Fed Rate Hike News: On November 2, the Federal Reserve is expected to increase interest rates once more by three-quarters of a percentage point, marking its fourth consecutive large increase. If the Fed maintains its hawkish posture and set the stage for interest rates to hit about 5% by March 2023, it may trigger the US and worldwide recession.
Despite concerns about a recession, the Federal Reserve is about to hike rates once more, and the most recent employment data is anticipated to demonstrate that salaries are still increasing and supporting inflation. For the Fed, it is unchartered territory, with such jumbo-sized rate hikes in its battle against relentless inflation.

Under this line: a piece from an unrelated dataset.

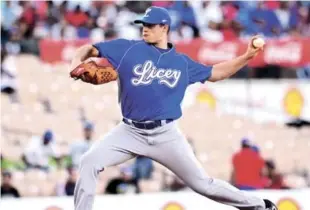  ??  ?? El pitcher abridor del Licey, Kyle Lobstein, tuvo una labor de tres entradas y un tercio con seis ponches, admitió dos carreras. (Glauco Moquete/Listín Diario).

The impact on asset classes is clearly visible with both equities and debt getting the hit. The aggressive tightening effort, which threatens to plunge the US into recession, has caused stocks to experience their largest losses since 2008 and bonds to experience their worst yearly slide on record.
The valuations of many stocks haven’t still bottomed out if future rate hikes are taken into calculation. Still, the market could be discounting future rate hikes amidst incoming economic data. Despite dismal earnings from a number of large technology companies, equities have increased from their lows of earlier this month.
US equities closed a choppy week with a significant rise as Apple Inc.’s earnings report boosted technology companies and a scattering of economic data suggested the Federal Reserve is making some headway against inflation. Both the tech-heavy Nasdaq 100 and the S&P 500 recorded their longest weekly advancing streaks since August. Both indices had a two-day fall on Friday, but gains in major technology firms like Alphabet Inc., which owns Google, and Microsoft Corp. contributed to this.
Meanwhile, are the global central banks turning dovish? At their most recent policy meetings, the Reserve Bank of Australia and the Bank of Canada both increased their benchmark rates by less than analysts’ and traders’ expectations. Investors also thought that the European Central Bank was less assertive.
75 bps is what the market expects in November and if the December rate hike also goes as per the plan, a 50 bps rate hike may spur a rally in the stocks. A lot of that will depend on the October CPI data that lands up on November 10 to let the market know how much of core inflation has been tamed till now. The stock market rally being currently witnessed is largely on account of a Fed Pivot that the market is sensing could be around the corner. Investors need to brace themselves for the volatility ahead until the economic conditions improve for a longer-term bull run in equities.